As McDonald put it in the introduction to the graphic novel, “….you’ll be riding shotgun in a ‘fifty-seven ragtop Bel Air….” [with Hector Lassiter]. That’s because Head Games has revolution, grave robbing, betrayal, ambush, a treasure map, a secret society, political corruption and a host of shoot outs. It’s an homage to a golden age of crime writing with a modern twist – there is so much fun to be had in these pages for fans of the classic American crime story and noir cinema.

It’s rare to get a chance to compare the original novel with the graphic rendition, these two seem apt for the experiment but to be very boring about it, you get the same kick, the same excitement from both (there are a few differences I’ve noted below). Head Games has a double meaning, it refers to the skullduggery in the plot (sorry!) but also to the fact that this novel is a bit of a mind game for the reader too. The main protagonist Hector Lassiter is a writer, he’s also the narrator of most of the novel, so we see things through his eyes but maybe we should take some of the things he says with a pinch of salt? It’s a playful format.

It’s 1957, South of the border. Three men are sitting at a table in a seedy cantina in Ciudad Juarez. There’s Eskin ‘Bud’ Fisk, a short-sighted reporter, poet, here to interview Hector Lassiter, a playwright and crime novelist turned screenwriter.
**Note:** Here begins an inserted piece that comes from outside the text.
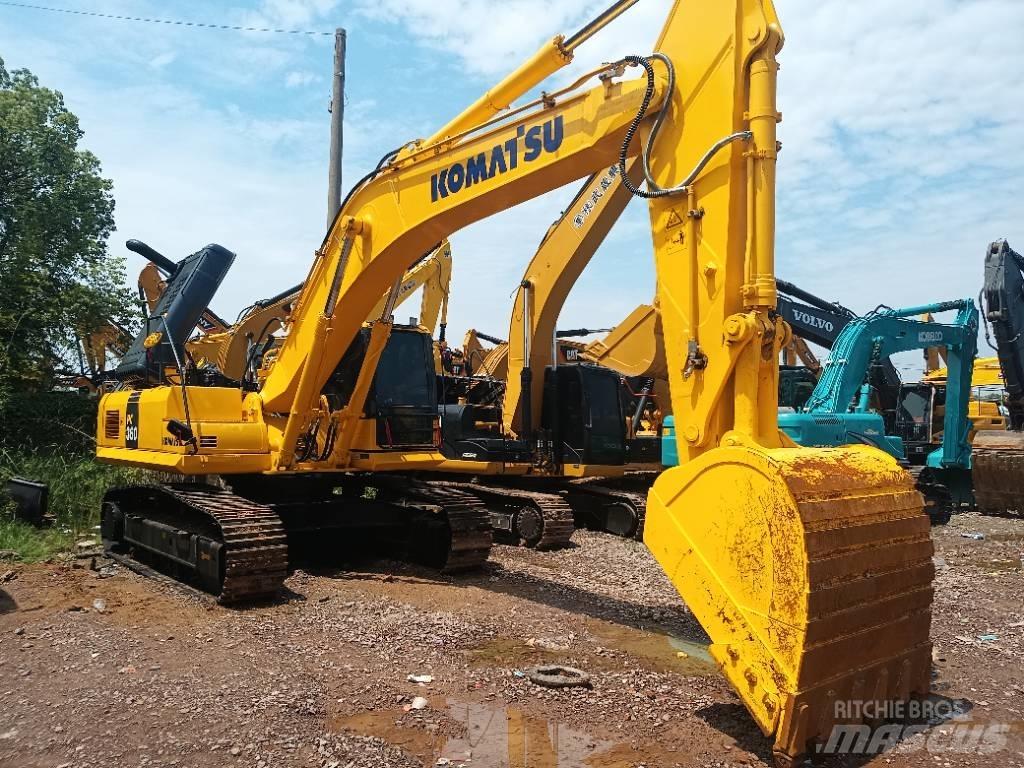 Komatsu pc360 履带挖掘机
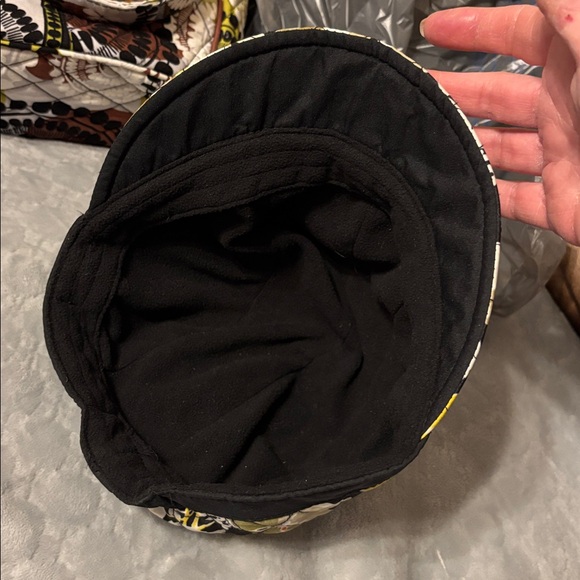 Vera Bradley NWT 2013 Cocoa Moss bag/purse/tote plus double side cap - Picture 16 of 16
Then there is Bill Wade, a mercenary, con man and a drunk. Wade pulls a bundle out of his duffel bag and unwraps the skull of Mexican general and bandit Pancho Villa. Lassiter knows in his water that the skull, with wisps of hair still attached, really is that of the general. Not least because of the mandibular prognathism (pronounced jawbone, an under-bite). Lassiter tells Wade to put it away before they attract attention. The locals would happily kill three gringos for such a prize and it wouldn’t be a pleasant end. Wade’s idea is for Lassiter to smuggle the skull across the border into the good old US of A. He has a buyer lined up, probably the guy who organised the grave robbing theft in the first place thirty years ago – Senator Prescott Bush. He is prepared to pay $80,000 (rumour has it that he personally stole the head of Geronimo some time past). The men should have been paying attention to what was coming because four Federales burst into the bar waving shotguns.

Lassiter just has time to get Fiske down when the shooting starts. In the gunfight Wade, ironically, gets his head blown off and Bud Fiske, the young journalist, saves Lassiter’s life. The problem is Federales usually come in a big posse so they need to get out of town sharpish. The two men torch Wade’s car as a distraction and flee. Across the border, they head for Lassiter’s house, not that he spends much time here, there are bad memories. That’s where they run into three more armed men. Most likely theory is that the good senator decided to reduce costs by having the skull repossessed by the hired help. Fiske and Lassiter give up the skull but this is only the beginning of the trouble. More than one person out there wants that skull badly! Including a couple of supposedly long dead bloodthirsty hombres.

There’s a healthy dose of violence and killing that follows, pretty much starting form the point I left off. Burned out cars riddled with bullets, amateur bounty hunters, stone cold killers, more grave robbing, sleazy politicians and bent spies not to mention the Skull and Bones secret society, an early forerunner of the “deep state”.

Lassiter and Fiske detour to Venice California where Orson Welles is filming Touch of Evil (one of the great noir movies). Lassiter knows Welles but he’s a big ‘friend’ of the Kraut, aka Marlene Dietrich. I won’t tell you what this is all about but it reinforced the noir credentials of the novel and adds to the playfulness of the story. When Welles is jealous about Marlene he abuses Lassiter, who notes as he leaves the set:

“I heard Marlena say to Welles, ‘Stop it you fool what does it matter what you say about him? He’s a man…..that’s all.’”

Thus insinuating himself into film history as the last line of the movie is:

“He was some kind of a man….What does it matter what you say about people?” [Tanya/Dietrich]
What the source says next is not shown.